Walk through Columbia College Chicago’s Michigan Avenue gallery doors, and you’ll be greeted by photographic works running the gamut from close-ups of cake to shots of models wearing dresses made of deflated balloons. Putting the best work of Columbia College’s graduating photography students on display, Manifest, Columbia College’s B.A./B.F.A. photography exhibition showcases a veritable kaleidoscope of perspectives.
Curator Gina Grillo, an adjunct professor at the college, says that the exhibit represents the variety of talent present in Columbia’s photography students. “It’s a testament to our diversity,” Grillo says. “The works on display are representative of each photographer’s individuality.” Among the great diversity of subject matter and technique on display, the exhibit’s standouts offer a glimpse into the students’ personalities and perspectives of the world.
Anne Marie Hobbs, graduating this year with a B.F.A. in photography, decided to have a bit of fun with her project. Hobbs, who has also dabbled in fashion photography, thinks of the art as a chance to experiment. “I projected the most-viewed porn clips from free-access pornography web sites,” said Hobbs. “I’ve always been interested in why people use porn.” The soft gradients and shadows of her silver prints suggest fine art, even as they depict projections of pornography onto everyday objects like a bed, a kitchen counter-top, and a radiator. The pictures’ small size forces the viewer to scrutinize the projected image.

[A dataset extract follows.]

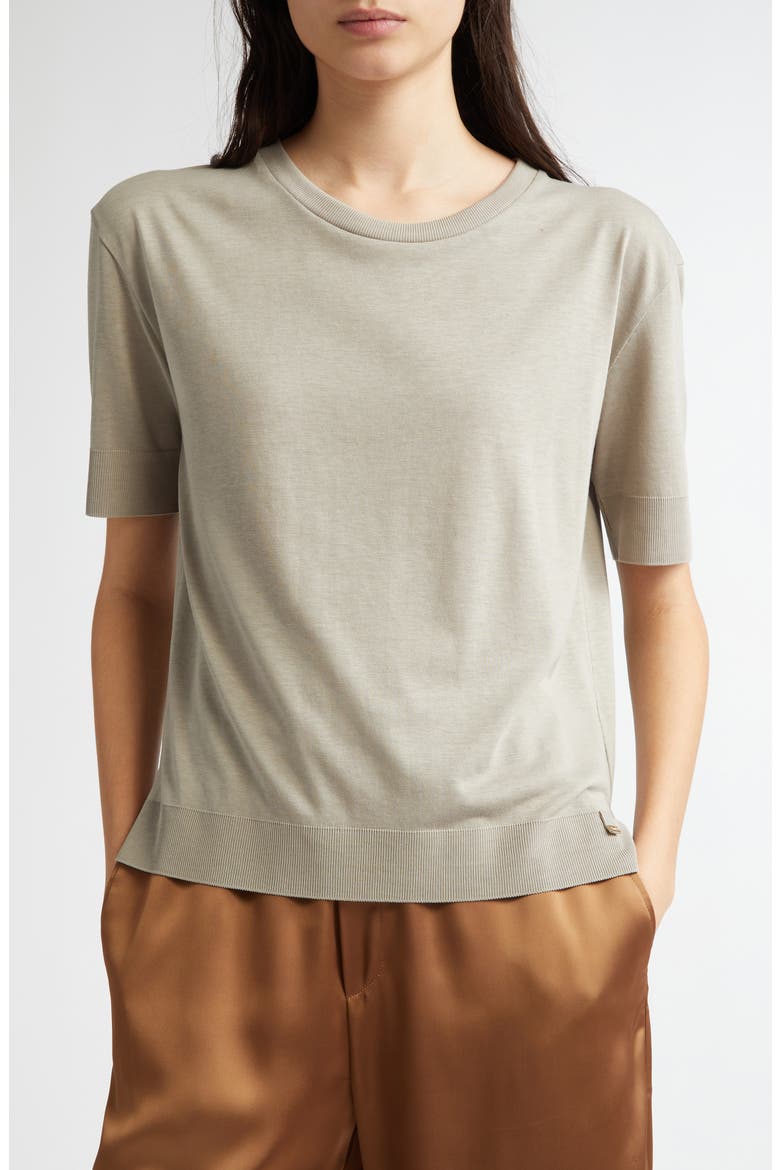 Glam Knit Crewneck T-Shirt, Main, color, 1000 WHITE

Senior Riley Henderson’s photographs have a more political agenda. His works provocatively explore identity and race and attempt to open up and create a dialogue between them. In a set of prints titled “Broken Wall,” he photographs some of his friends, each seated on a chair, in a way that resembles high school yearbook portraits. The twist is in their expressions: Over a placid countenance, Henderson projects an overhead of the same person with an expression that is more intimate, more emotional, and rawer. “Some people put up mental and physical barriers and don’t get to express themselves, and this is an unhealthy way to live that brings people to the breaking point,” he said.
Other students manage to leave a personal stamp on their work by pushing the envelope technically. Piero Taico explores the classic visual art trope of reflection, capturing five people gazing at themselves in the mirror and the windows on the doors of the El. Frederick M. Santa Ana’s four works represent an inquiry into the meaning of light in photographs, depicting ambient light in abandoned urban locales like overgrown rail tracks and rusting water towers.
There are also more whimsical collections on exhibition, including Kristina Smith’s three photographs of a group of almost identical-looking children in classrooms and playgrounds that deftly evoke the hands-full feeling that anyone who has tried to look after little kids will be familiar with. Ashley Rae Mathias’ four photographs combine photographs and embroidery, adding delicately sewn embellishments onto simple pictures of everyday items, like a dress hanging on a window frame.
The sheer number of photographs on display means that for each viewer, there will surely be some works that strike multiple chords and others that seem totally impenetrable. Space constraints also mean that captions and titles, which would contribute some way in helping the photographers convey their ideas more clearly, are done away with, leaving the walls of photographic works pretty much open to free interpretation. Although there is virtually no way of finding a thematic or conceptual thread that runs through all the works in the exhibition, there is one clear, common factor: Each collection manifests the photographer’s individuality. This Manifest exhibition is a supportive testimonial to the quality of this batch of graduates.